We used data from the U.S. Census Bureau Census of Governments for 2007 and 2012. These are the most comprehensive and accurate measures of local government spending. These Census years let us measure the change one year before the downturn to three years after the bottom. Because of the lag in property tax decreases, most cities saw their worst economy three years after the recession. This should mean that 2007 and 2012 represent the best and worst budget years since the 1980s for most cities.

We are reporting percentage changes in spending that have been adjusted for population growth and inflation. First, we calculated per-capital spending for each year, then changed the 2007 values into 2012 dollars using the state and local price deflator from the U.S. Bureau of Economic Analysis.

Core City Services

In this first look, we wanted to know what happened to the most high-profile city services. We included the two largest operating expenses for most cities: police protection and fire protection. We also looked at two other visible services: park and recreation (parks) and libraries.

Findings

Overall, cities nationally cut these four services more than did cities in Texas. Cities in the U.S. and in Texas saw much larger decreases in parks and library spending than in the two public safety areas. In the U.S., spending changed as follows: police (-0.1%), fire (-1.3%), parks (-8.5%) and libraries (-10.2%). The respective changes for Texas were: police (+4.0%), fire (+4.1%), parks (-9.3%) and libraries (-4.0%). So Texas public safety actually experienced higher funding levels after the recession. Remember that this calculation is adjusted for inflation and Texas’ faster growing population. While still cutting, Texas cut libraries less than U.S. cities overall. The U.S. and Texas had similar reductions in parks spending.

Summary observations:

Based on highly visible public services, the recession was a bigger hit to spending nationally that in Texas.

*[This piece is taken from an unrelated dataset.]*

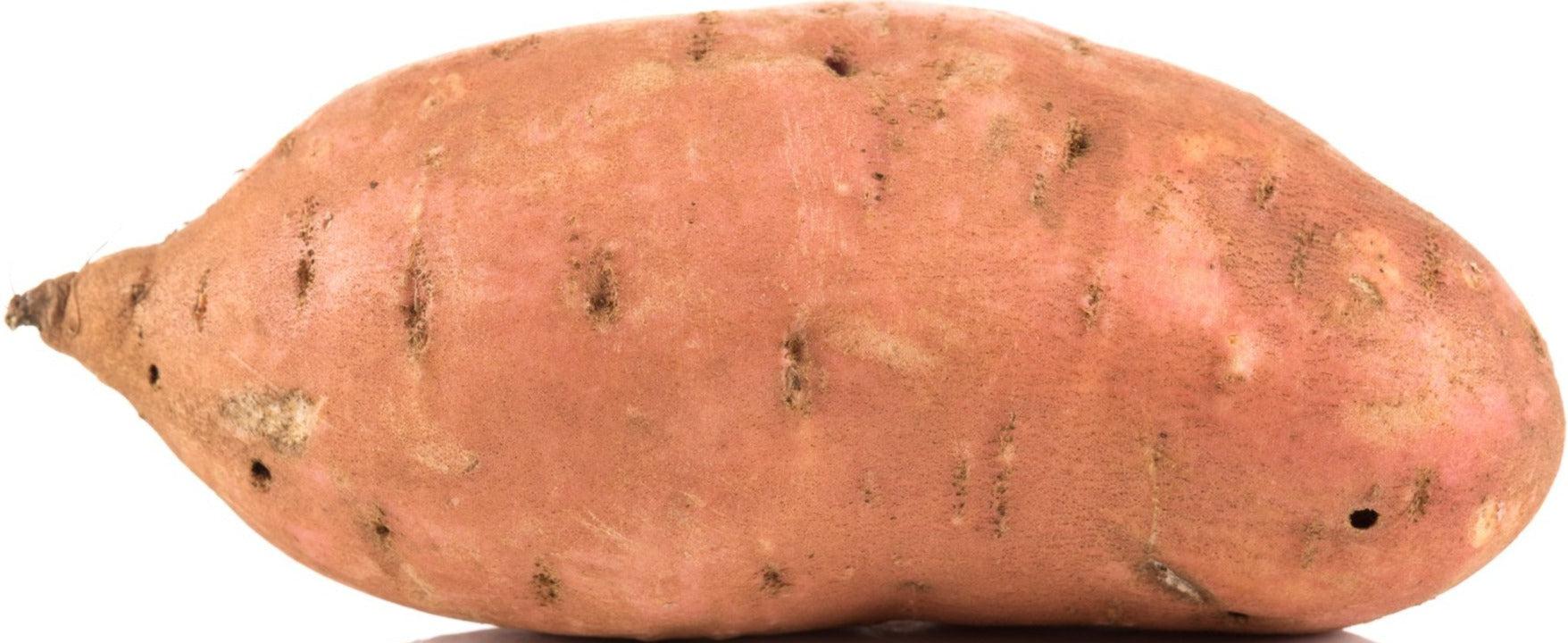 Fresh - Yam/Sweet Potato — Each (40 LB)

The largest city service in budget terms, police spending, was essentially held flat nationally, but grew in Texas. The recession was certainly a blow to police budgets, but in total, cities’ response was to slow the rate of growth in police spending and cut other services more.

This analysis does not tell us how tax and fee changes impacted cities’ budget strategy. We know that there were many fee increases nationally and some cities raised taxes. Cuts would have been deeper without those revenue strategies, but we will have to consider them another time.

What’s Next

Next week, we will continue our series profiling the economics of major city services when we turn to the service that faired worst in today’s post: park and recreation. In the meantime, let us know how we can help you make more confident economic and fiscal choices for your community. Contact Us.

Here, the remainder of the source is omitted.